Defendu
- Also known as: Gutter Fighting, Fairbairn's Gutter Fighting, The Fairbairn Fighting System, The Fairbairn system
- Focus: Hybrid
- Country of origin: United Kingdom
- Creator: William E. Fairbairn, Eric A. Sykes
- Famous practitioners: Rex Applegate, Dermot M. "PAT" O'Neill, Devil's Brigade, Ian Fleming, Samuel G. Taxis
- Parenthood: Boxing, judo, Yōshin-ryū jujutsu, savate, wrestling, street fighting, Chinese martial arts
- Olympic sport: No

= Defendu =

Martial art

Close Quarters Combat System (commonly known as Defendu, also called gutter fighting) is a hybrid martial art utilized by British military personnel, notably during the Second World War. It was developed by William E. Fairbairn and Eric A. Sykes in the 1920s.

It is a hand-to-hand combat system based on practical experience mixed with jujutsu and Chinese martial arts that was developed to train the Shanghai Municipal Police, and was later taught in expanded form to Special Operations Executive and Office of Strategic Services members during World War II.

==Development==
Fairbairn's system was rooted in his training in Jujutsu and Chinese Boxing. He was a second-degree black belt from the Kodokan in Tokyo. He also studied in under Tsai Ching Tung, who had been an instructor to the retainers of the Dowager Empress at the Imperial Palace, Peking. Fairbairn maintained that while these were influences, the system was largely his own invention to differentiate it from traditional sporting styles.

Defendu was developed by William E. Fairbairn, a Royal Marine veteran of the First World War and officer of the Shanghai Municipal Police (SMP), and his fellow SMP officer Eric A. Sykes. Fairbairn had extensive experience in multiple combat sports and martial arts, including boxing, wrestling, savate, Yōshin-ryū jujutsu, judo, and Chinese martial arts. He began to develop his own system of hand to hand combat, initially referring to it as "Defendu", based on his experiences as a police officer. It was designed to be simple to learn and to provide effective results. Fairbairn published his book, Defendu, in 1926 (re-printed as Scientific Self Defence in 1931), illustrating this method and it is here that the term "Defendu" first appeared. This confused early readers of the book, who assumed that the techniques within had been based mainly in the Eastern martial arts that Fairbairn had learned. Thus, in an attempt to highlight the originality of Fairbairn's material, the term did not appear in the 1931 edition of the book. The art was also referred to as "gutter fighting".
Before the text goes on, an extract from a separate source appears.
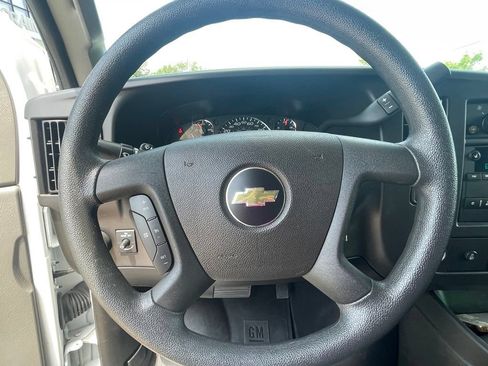 Used 2024 Chevrolet Express 3500 LS RWD image 13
Fairbairn was called upon by the British to help train Allied troops in World War II. Fairbairn and others expanded on this system to create the Close Quarters Combat system that was then taught to the troops. This system was built on Defendu, but modified for military applications, rather than police and riot control.

The original Defendu was oriented towards self-defense and restraint, while the Close Quarters Combat system concentrated on rapid disabling of an opponent, with potentially lethal force. The militarized version of Defendu is described in the military manual All in fighting 1942, used as a supplement during WW2 CQB-training. This book was later published in a civilian edition, missing the chapters on bayonet-fighting and rifle sighting, under the name Get Tough! How To Win In Hand-To-Hand Fighting. As Taught To The British Commandos And The U.S. Armed Forces. Fairbairn's CQC-system is also described in Rex Applegate's book Kill or Get Killed.

Fairbairn published several more books on the subject of self-defense, all of which refer to Defendu only in relation to the earlier book.

==Second World War==
The start of the Second World War saw the Allied forces needing every advantage to give their soldiers and special forces a winning edge. They found one such edge in Fairbairn's system. Immediately, Fairbairn was commissioned in the British Commandos and ordered to teach a lethal version of his system at the Commando school in Scotland.

It was at this top secret Scottish location that Colonel Rex Applegate of the U.S. Army studied under Fairbairn. Through Col. Applegate and other instructors such as Col. Anthony Biddle, these skills were taught to U.S. troops including US Marines and Rangers, as well as OSS operatives and later to the FBI and CIA as the foundation of their basic training.

This introduction of 'The Fairbairn Fighting System' at Camp X in conjunction with input from many highly skilled instructors with various backgrounds and fighting skills was the beginning of the evolution of Defendu. As close quarters battle or unarmed combat training progressed throughout this period, it was added and refined utilising western fighting principles.

==Basic principles==
Defendu encourages its practitioner to end a confrontation as quickly as possible using "rude" means by rapidly attacking vital spot area (such as the groin, throat, side of the neck, shin, eyes, ears, etc.) by using only several pragmatic and powerful strikes. These strikes are taught as a method and not as disconnected isolated strikes. Done properly, these strikes will chain together. Defendu was also designed to be able to be mastered in mere days due to the extremely compressed curriculum. Students are also taught to always take initiative, employ artifice, and remain at offense (as no block or parry were found in the system).